There are at least four things we can do to reinforce the domestic foundation of support for our foreign policy.

First, we have to elevate economic policy within our foreign policy, and in doing so we have to prioritise the paramount problem we confront as a country: how to rebuild an economy where growth works for our middle class.

Second, we have to do a better job of sharing the burden of global problem-solving. 

Third, we need a better answer to the question that has generated so much ambivalence among the public and around the world about our foreign policy: under what circumstances, at what cost, and to what end should the US intervene abroad?

Fourth, we need to recognise both the possibilities and limits of American power and match our means to our stated ends. This will help restore confidence that what we are doing can actually work.

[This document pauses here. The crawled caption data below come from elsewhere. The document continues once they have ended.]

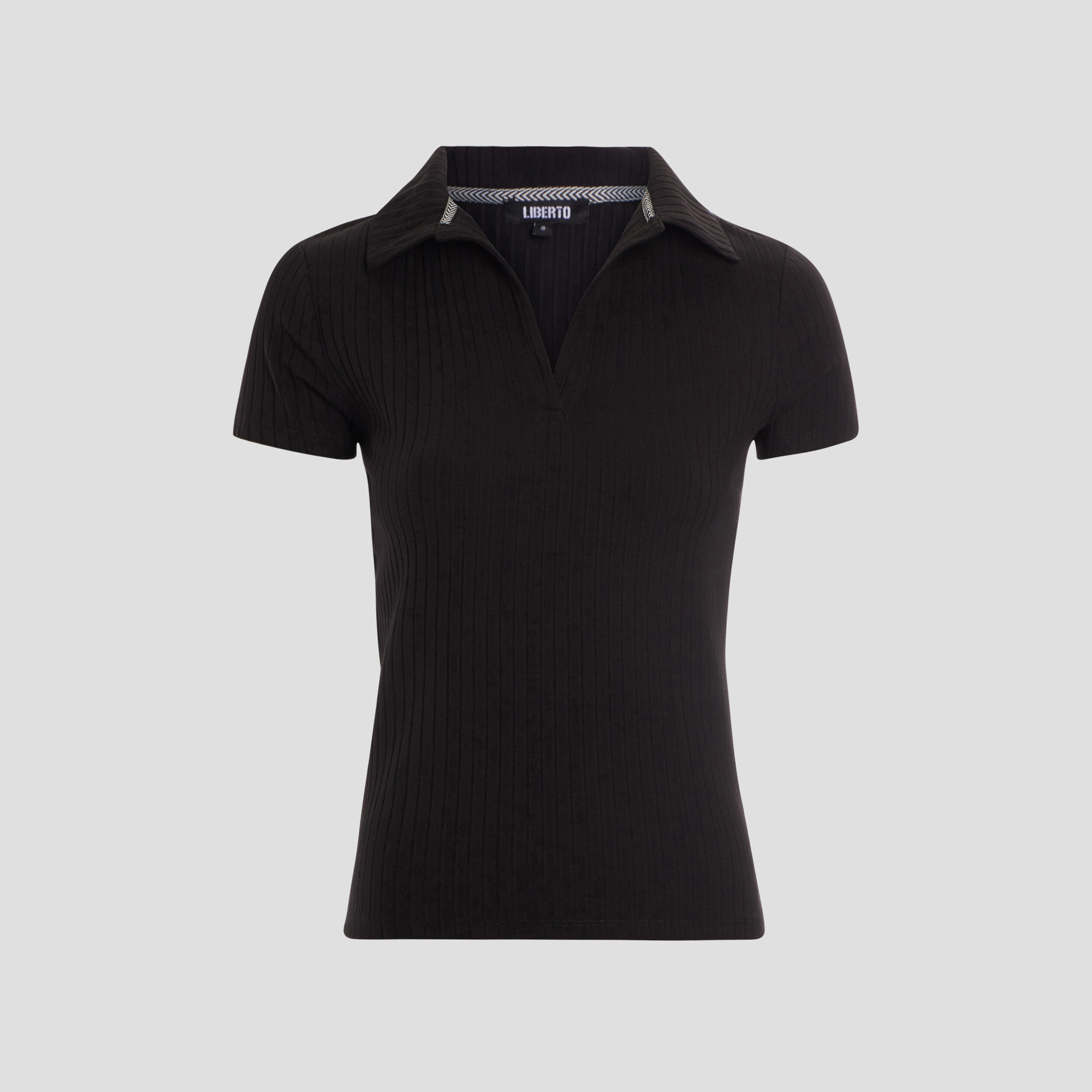 T-shirt col polo manches courtes noir femme | La Halle
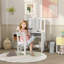 Ensemble de coiffeuse Harriet Bee Kids, table de maquillage 2 en 1, table de jeu avec tabouret à miroir pliant, tablette de rangement, plateau amovible, pour petites filles de 3 à 8 ans, blanc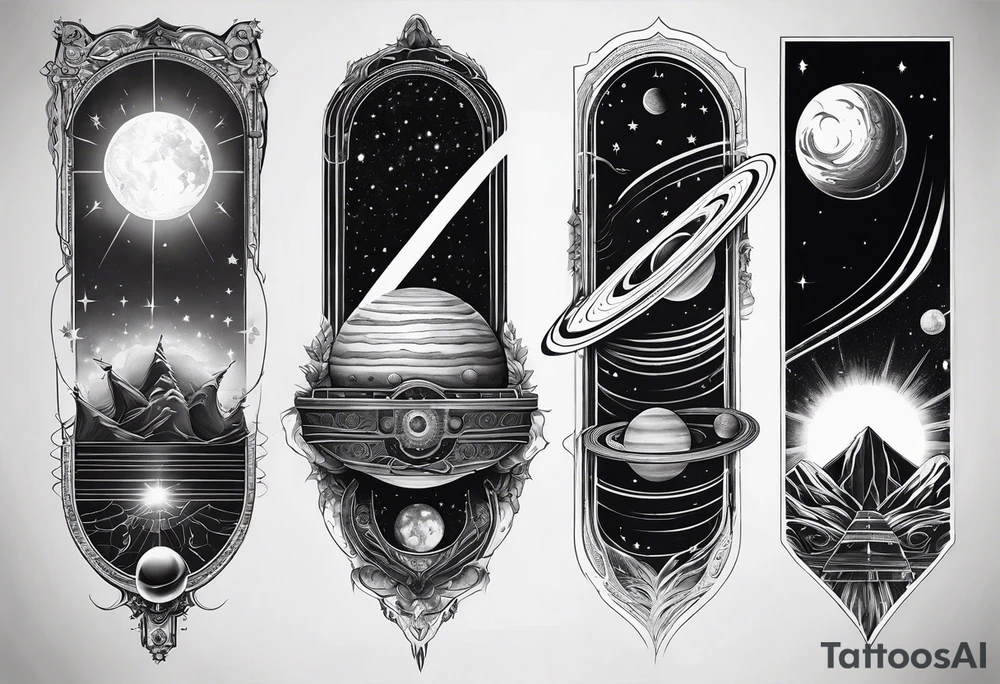 solar system spine tattoo idea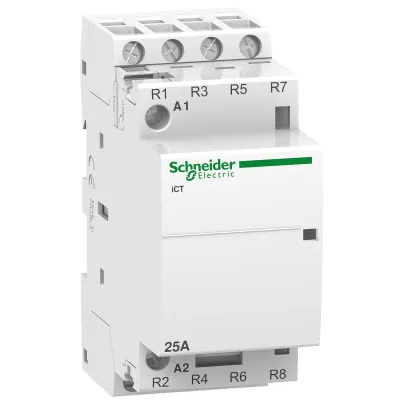 Schneider Electric Installationsschütz A9C20837 | 25A | 4 Öffner | 220-240V AC | 50Hz | Acti 9 iCT | IP20 | Weiß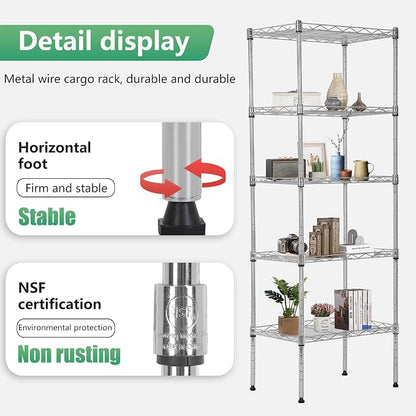 FDW 5 Tier Wire Shelving Adjustable Metal Shelves 17L x 12W x 48H NSF Pantry - Image 5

In addition to making these policy adjustments, we have to adjust the way that we actually engage the public on foreign policy. Writing in another context, Tony Judt captured something about how the foreign policy conversation has tended to unfold in recent times: 'The liturgy must be chanted in an obscure tongue, accessible only to the initiated.  For everyone else, faith with suffice.' It is time for those of us in the foreign policy community to engage the public in an open and honest conversation about the challenges and opportunities we face in a complicated global landscape.

Taken together, these steps will help secure a durable foundation of support for America’s leadership role in the decades ahead.